Released: January 2015
On its English publication, the Engelsfors Trilogy drew comparisons to Buffy the Vampire Slayer, but for me it’s more of a mix between Supernatural and Pretty Little Liars – suitably fantastical and filled with horror tropes, but with plenty of teen drama thrown in for good measure.
In The Circle, we’re introduced to seven teenagers who are revealed as the chosen ones, the witches that have been picked to stop the impending apocalypse. In Fire, the girls are learning to cope with and control their newfound magical abilities, while dealing with dating, family drama and that upcoming end-of-the-world stuff, and in The Key, everything reaches a head as the girls prepare for their final showdown against the evil that has been plaguing them.
As the final book in the trilogy, The Key certainly packs the biggest punch – both in terms of plot twists and page count. Clocking in at 864 pages, The Key certainly demands a lot of your time but, luckily, the story is interesting enough to hold your attention. The magical elements come complete with mysteries to solve and secrets to keep but with five girls to follow – not to mention their parents, educators and love interests – this can be a little hard to keep track of, when they’re not playing out entirely as you expect them to.
One of the trilogy’s biggest praise points, however, is its attention to the nitty gritty detail. Beyond the fantastical, the magic and the supernatural, these novels are about growing up and dealing with the trials of being a teenager, including coping with divorce, opening up about your sexuality and surviving high school.

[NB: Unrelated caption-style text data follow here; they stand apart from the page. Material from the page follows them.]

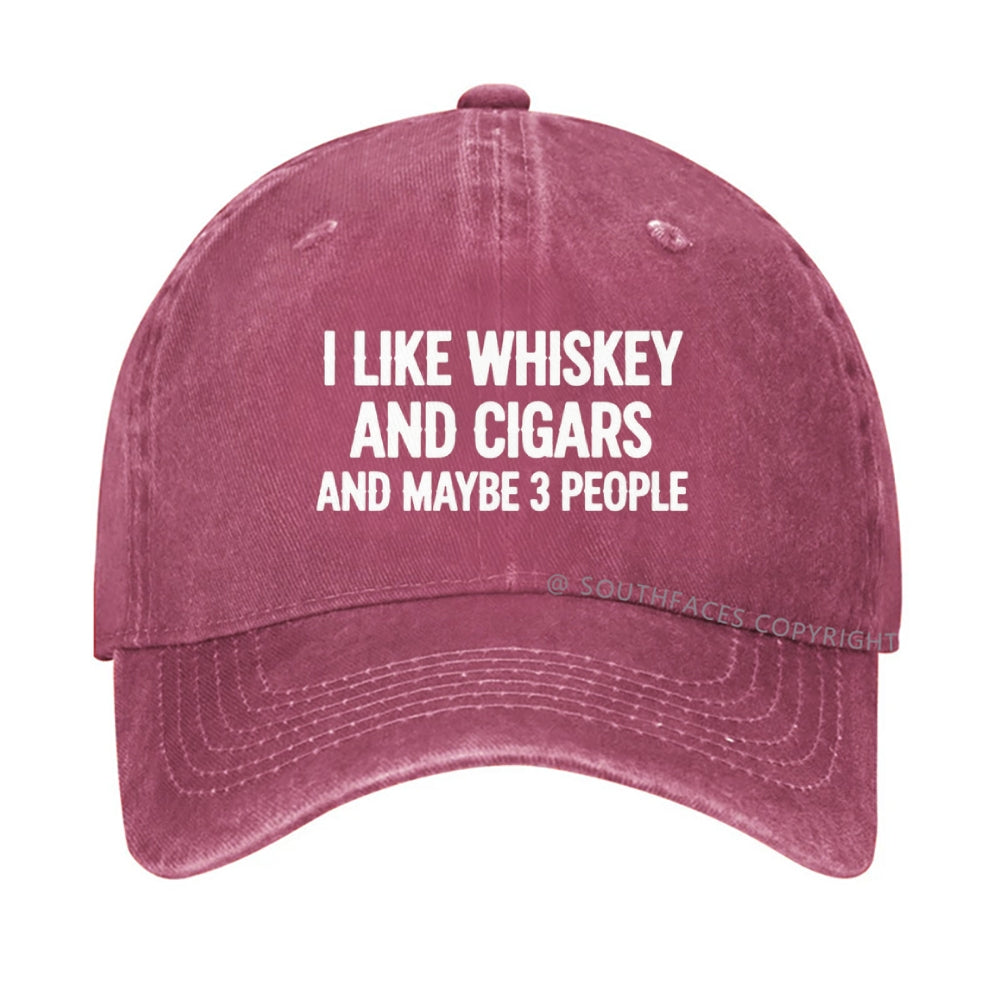 I Like Whiskey And Cigars And Maybe 3 People Hat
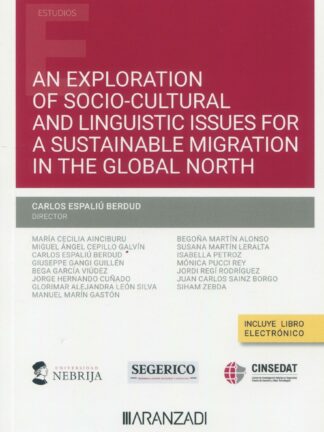An exploration of socio-cultural and liguistic issues for a sustainable migration in the global north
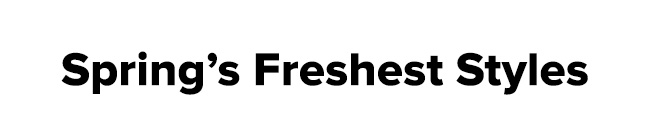 Spring’s Freshest Styles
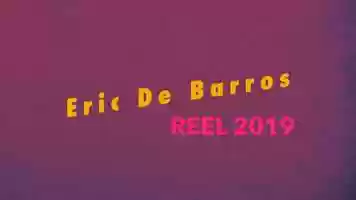 Free download Eric De Barros Reel 2019 video and edit with RedcoolMedia movie maker MovieStudio video editor online and AudioStudio audio editor onlin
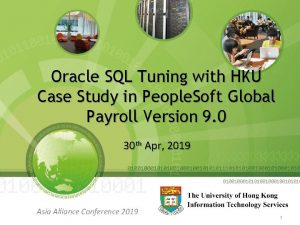 Oracle SQL Tuning with HKU Case Study in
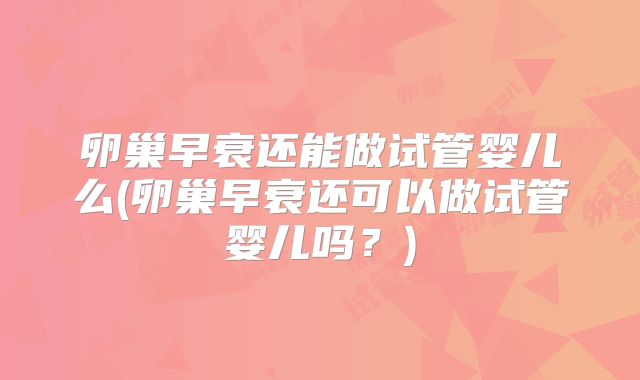 卵巢早衰还能做试管婴儿么(卵巢早衰还可以做试管婴儿吗?)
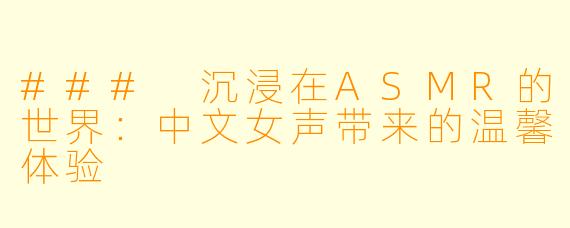 ### 沉浸在ASMR的世界：中文女声带来的温馨体验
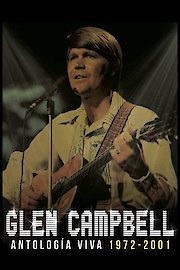 Glen Campbell: Antología Viva 1972-2001 (Sub Esp)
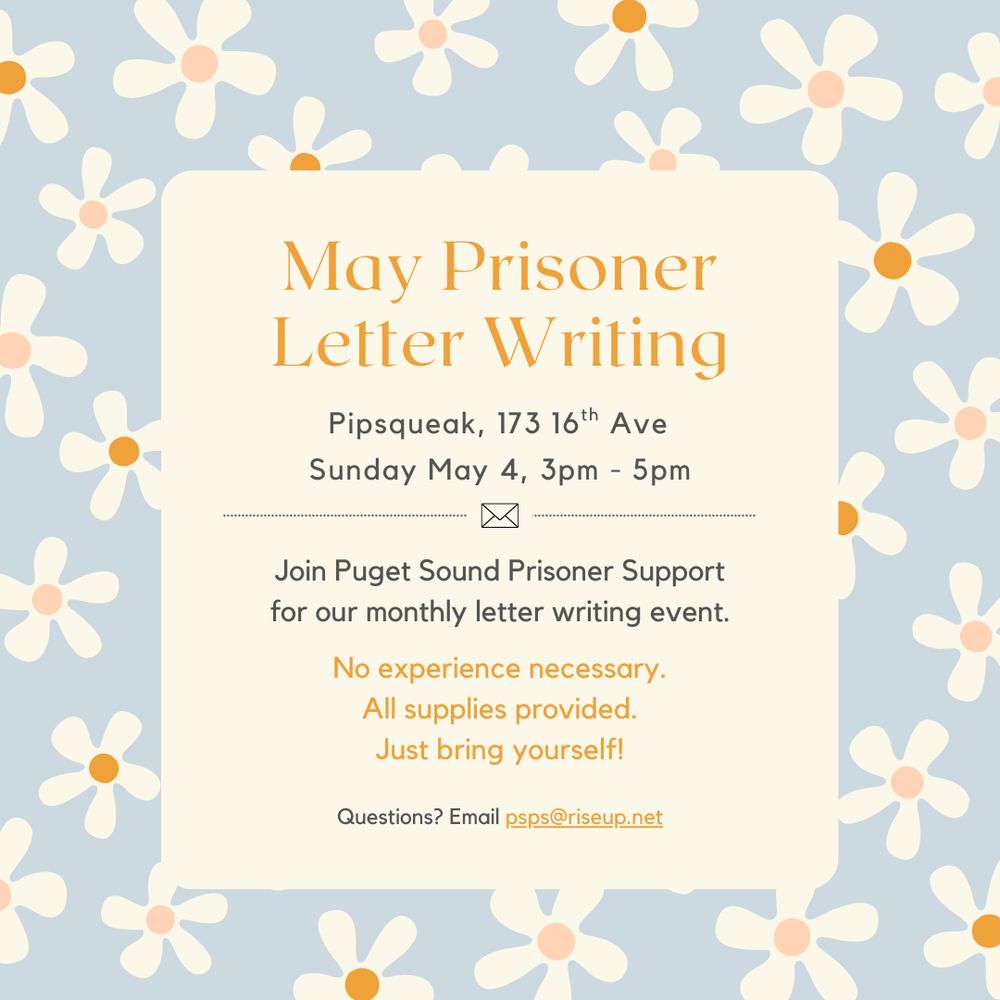 May Prisoner Letter Writing
Pipsqueak, 173 16th Ave
Sunday May 4, 3-5pm

Join Puget Sound Prisoner Support for our monthly letter writing event.

No experience necessary.
All supplies provided.
Just bring yourself!

Questions? Email psps@riseup.net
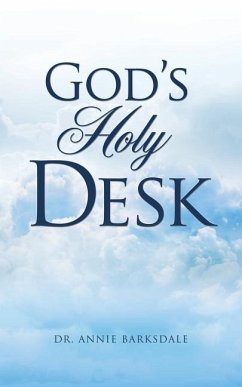 God's Holy Desk - Barksdale, Annie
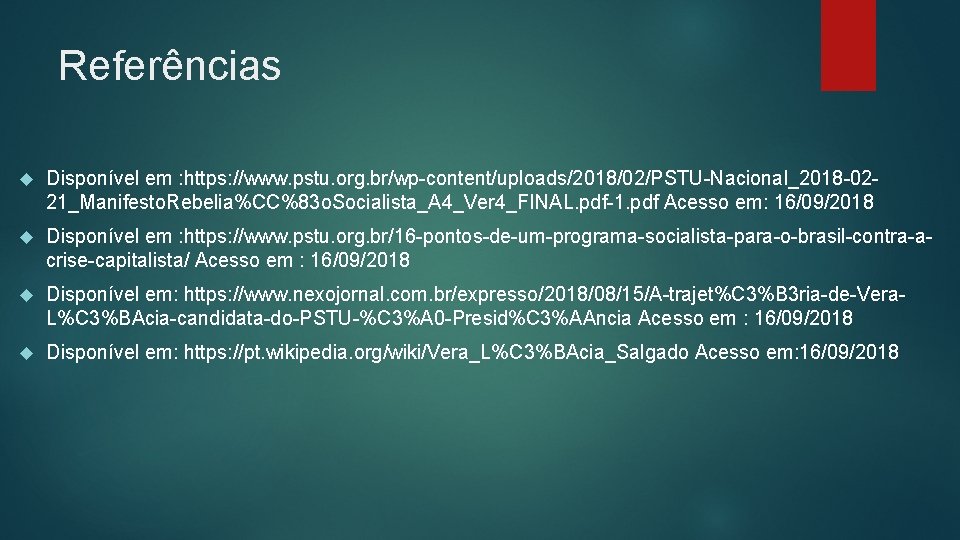 Referências Disponível em : https: //www. pstu. org. br/wp-content/uploads/2018/02/PSTU-Nacional_2018 -0221_Manifesto. Rebelia%CC%83 o. Socialista_A 4_Ver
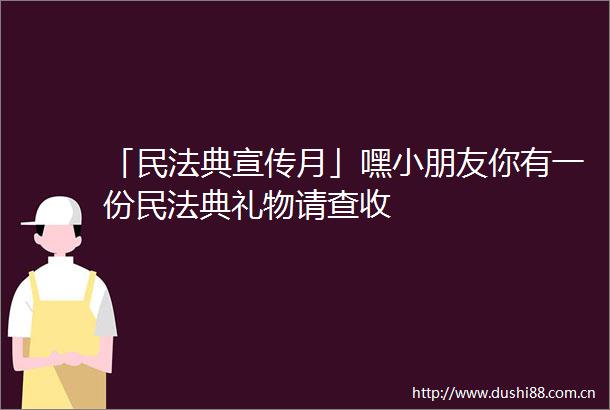 「民法典宣传月」嘿小朋友你有一份民法典礼物请查收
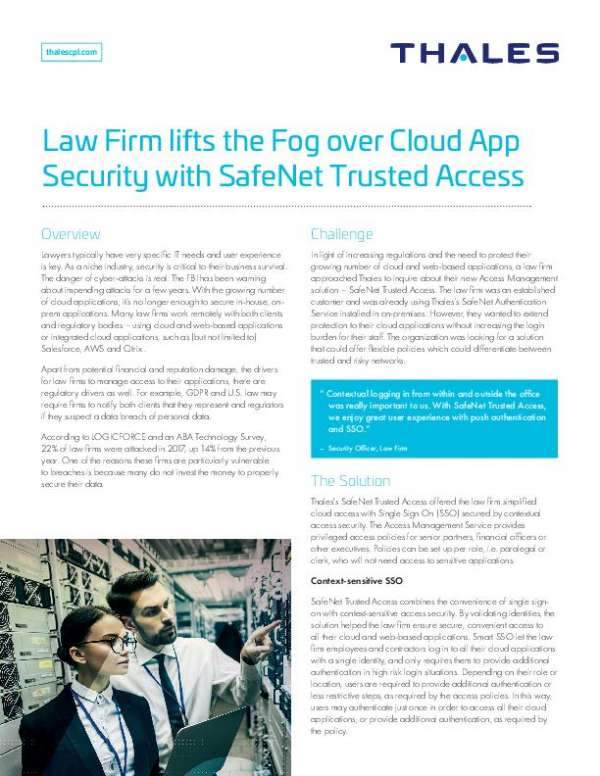 You are currently viewing Law Firm Lifts the Fog over Cloud App Security with SafeNet Trusted Access
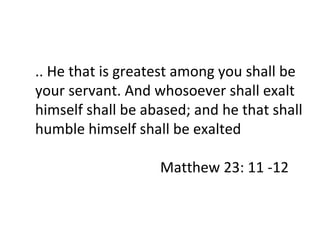 .. He that is greatest among you shall be your servant. And whosoever shall exalt himself shall be abased; and he that shall humble himself shall be exalted   Matthew 23: 11 -12 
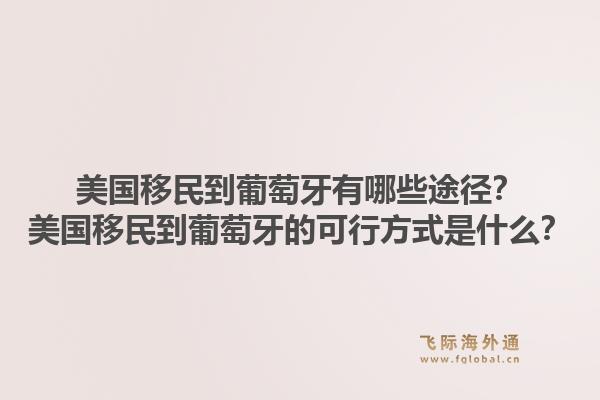 美国移民到葡萄牙有哪些途径？美国移民到葡萄牙的可行方式是什么？1.jpg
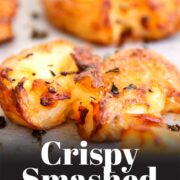 pin image: a crispy smashed potato with text overlaid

Which, of course, is made all the more difficult when you can read minds, turn yourself invisible and control souls.
With The Circle, Mats Strandberg and Sara B. Elfgren wrote an incredibly successful and popular novel in their native Swedish, and it was picked up for publication in over 20 different languages within a year. However, there’s a moment about half way through book two when a character speaks out about the benefits of reading a book in its original language: “Translations do nothing,” he says, “but create barriers between you, the reader, and the author’s real message.” With this comment coming where it does in the trilogy, it’s hard not to read it as the authors’ commentary on their own work, so you can’t help but wonder what exactly it is that they feel has been lost in translation.
There are some faults to the story – multiple character perspectives can get confusing, and there are a lot of moments that just feel unnecessary – but maybe this is a fault of the translation. In any case, these books are an enjoyable read if you’re looking for an easy book that provides a quick break from reality. If the original text promises to be better than the English translation, it may be time to start learning Swedish to get the full impact.